Trattavasi di tradizioni popolari che portavano in sé anche un larvale principio scientifico: le campane venivano utilizzate scaramanticamente contro il maligno, scacciandolo con la forza del suono ma, in realtà, le vibrazioni emesse dal bronzo contribuivano a creare disturbo, seppur leggero, alle onde elettromagnetiche provocate dalla tempesta. Quale simbolo di protezione benaugurale sulle case, le persone e le campagne, le campane venivano posizionate sempre più in alto, così che il suono raggiungesse aree sempre più vaste: da qui il sorgere di campanili sempre più alti nell’architettura delle chiese. Ma chi ha creato le campane e quando?

I cultori della materia sono tanti. Possiamo dire che la storia di questo strumento musicale affonda le sue radici in tempi antichissimi. Ci sarebbero fonti storiche che ne indicano l’uso in oriente già tremila anni prima della nascita di Cristo. I Cristiani, invece, solo con la libertà di culto, riconosciuta dall’Imperatore Costantino, nel 313 d.c., iniziano a diffondere l’uso delle campane. Ma si attribuisce a S. Paolino di Nola, nel 420 d.c., l’introduzione delle campane nell’utilizzo religioso, favorendo la produzione di “Vasa campana” in bronzo.
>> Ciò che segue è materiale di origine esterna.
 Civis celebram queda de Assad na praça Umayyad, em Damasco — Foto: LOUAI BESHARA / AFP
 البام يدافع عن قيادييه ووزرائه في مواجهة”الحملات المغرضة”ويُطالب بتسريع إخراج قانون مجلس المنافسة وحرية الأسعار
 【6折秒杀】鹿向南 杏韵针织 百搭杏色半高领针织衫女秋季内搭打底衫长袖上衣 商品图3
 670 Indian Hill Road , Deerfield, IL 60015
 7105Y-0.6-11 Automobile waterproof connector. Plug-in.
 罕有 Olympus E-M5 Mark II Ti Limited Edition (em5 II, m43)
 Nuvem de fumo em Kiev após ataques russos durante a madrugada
Fu lui, infatti, ad ingrandire i “tintinnabula”, i primi campanelli utilizzati sia dai Greci che dai Romani, per farli issare e sospenderli nell’aria attraverso torri: e così il primo campanile ( detto “Nolarium” ) della cristianità fu eretto a Nola, accanto al Sacrario della Basilica di S. Felice in Pincis e lì furono costruite anche le prime campane, che presero il nome originariamente di “Nolanae”, come stabilito dal Pontefice Urbano VIII. Fu, in seguito, il venerabile Beda ad utilizzare il termine “Campana”, ricavando il nome dalla terra di origine di questo strumento melodioso, la Campania.
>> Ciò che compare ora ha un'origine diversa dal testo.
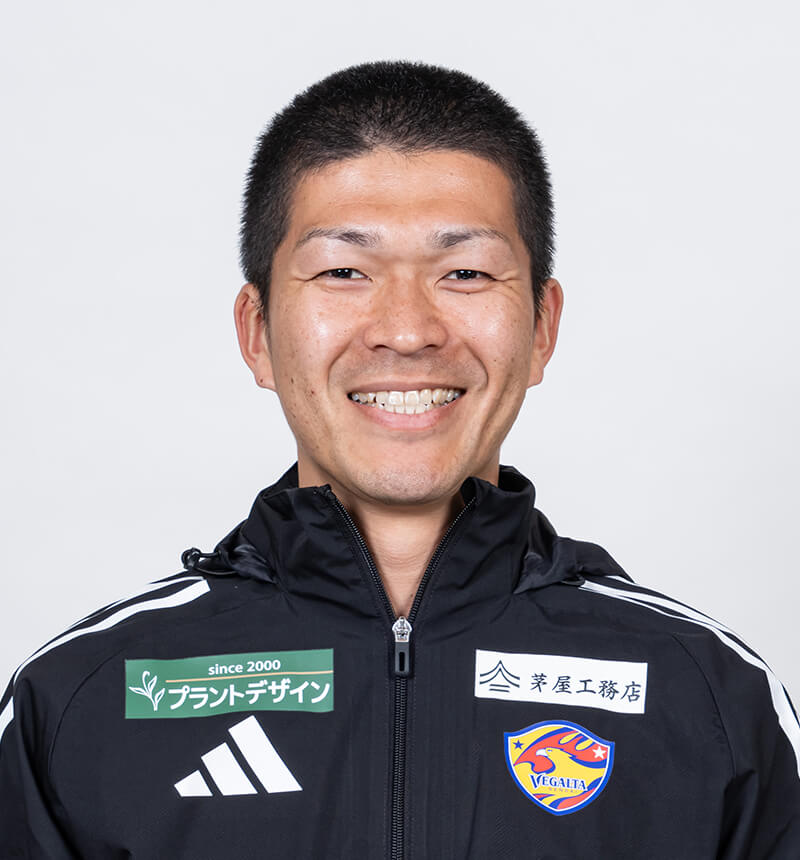 トレーナー 河村 俊平の写真を紹介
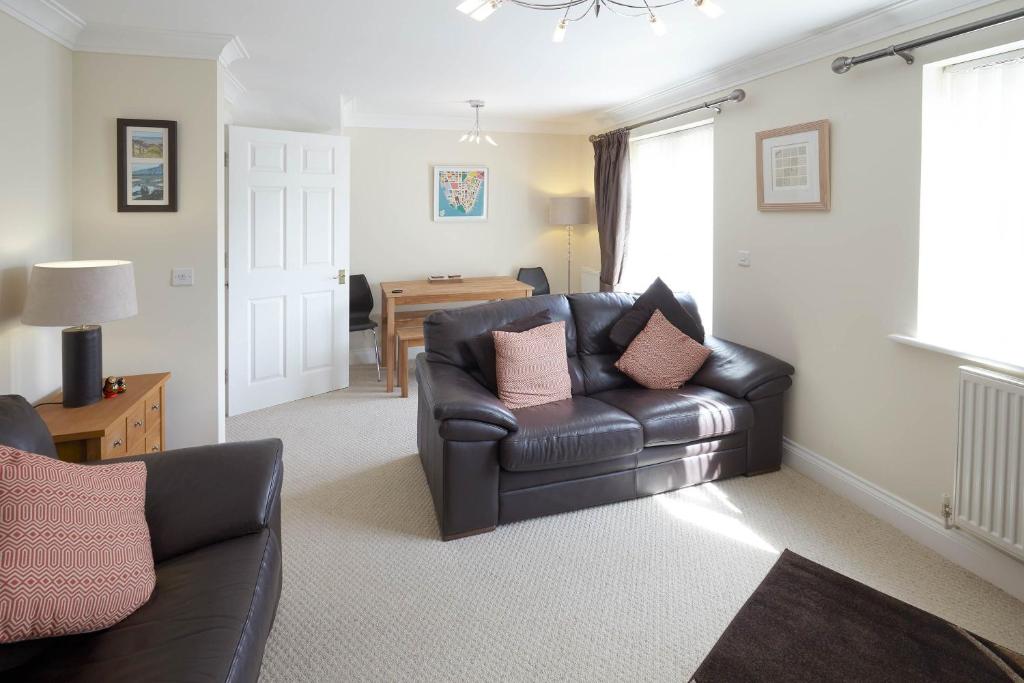 Host & Stay - The Signal House Accommodation image 1 Host & Stay - The Signal House image one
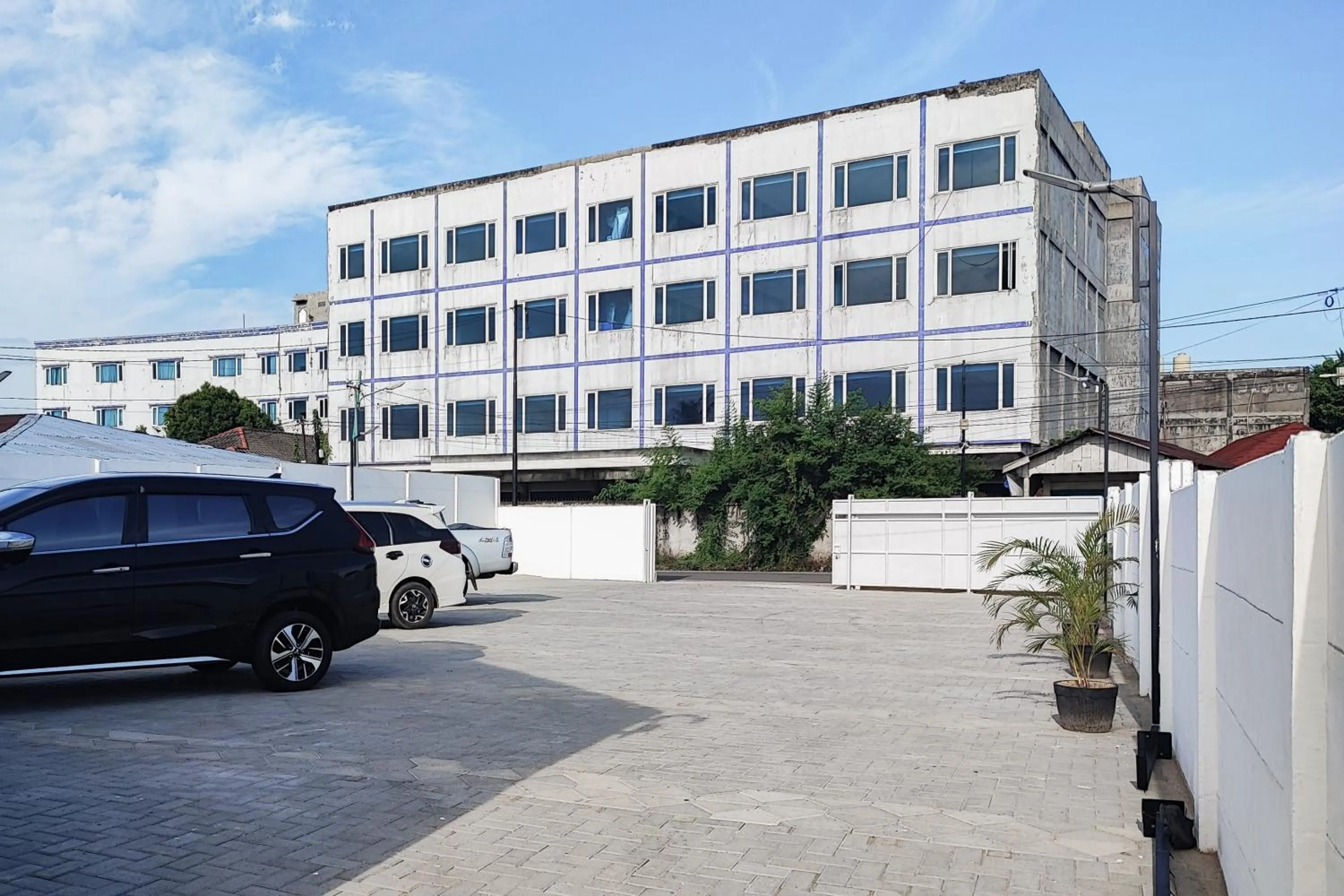 Parking in Urbanview Hotel at Pesona Guest House Jambi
La qualità del bronzo che si produceva in quella Regione, infatti, era citata anche da Plinio il Vecchio e i fonditori erano tra i più bravi del mondo nel provare geometria e proporzioni tra lo spessore del materiale e il suono da produrre. Inizialmente, infatti, le campane erano singole e solo con il perfezionarsi delle tecniche vennero riunite in gruppi per creare le diverse sonorità. Una delle campane ancora oggi più grande al mondo arriva dall’Olanda, dove nel 1497 il fonditore De Wou produce un monumentale colosso di oltre dieci tonnellate. E anche la Germania annovera fonditori che utilizzano formule matematiche per realizzare campane perfette dal suono emozionante.
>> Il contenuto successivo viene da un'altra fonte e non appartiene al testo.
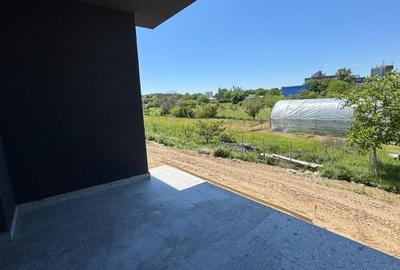 Vanzare-Apartament cu 2 Camere--Bloc de 3 Etaje-Magurele-Comision 0% - 5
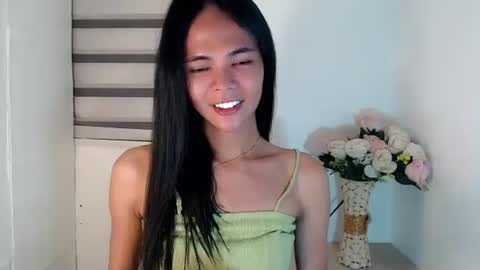 Snapshot of mysticofcum22 chatting on 01.05.25 Krestine online show from 01.05.25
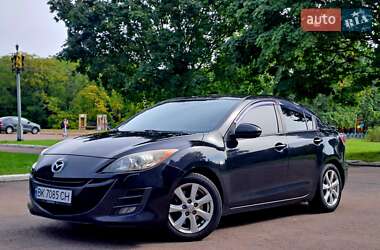 Mazda 3  2010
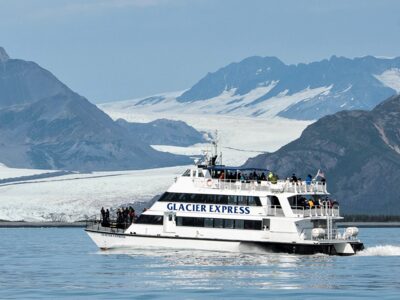 Cruising in view of Bear Glacier in Resurrection Bay.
Oggi la tecnologia consente di realizzare molte cose ma l’arte dei fonditori viene tramandata di generazione in generazione e rappresenta ancora una nicchia di artigianato, dove l’intervento dell’uomo prevale sulle macchine.

Le informazioni sarebbero ancora tante ma oggi, in un giorno di gioia e di solennità per la Chiesa Cristiana, le campane suonano a festa per la Risurrezione di Cristo e allora affacciamoci alle finestre e cerchiamo di concentrare la nostra attenzione sul suono delle campane e sull’armonia che sprigionano. Buona Pasqua!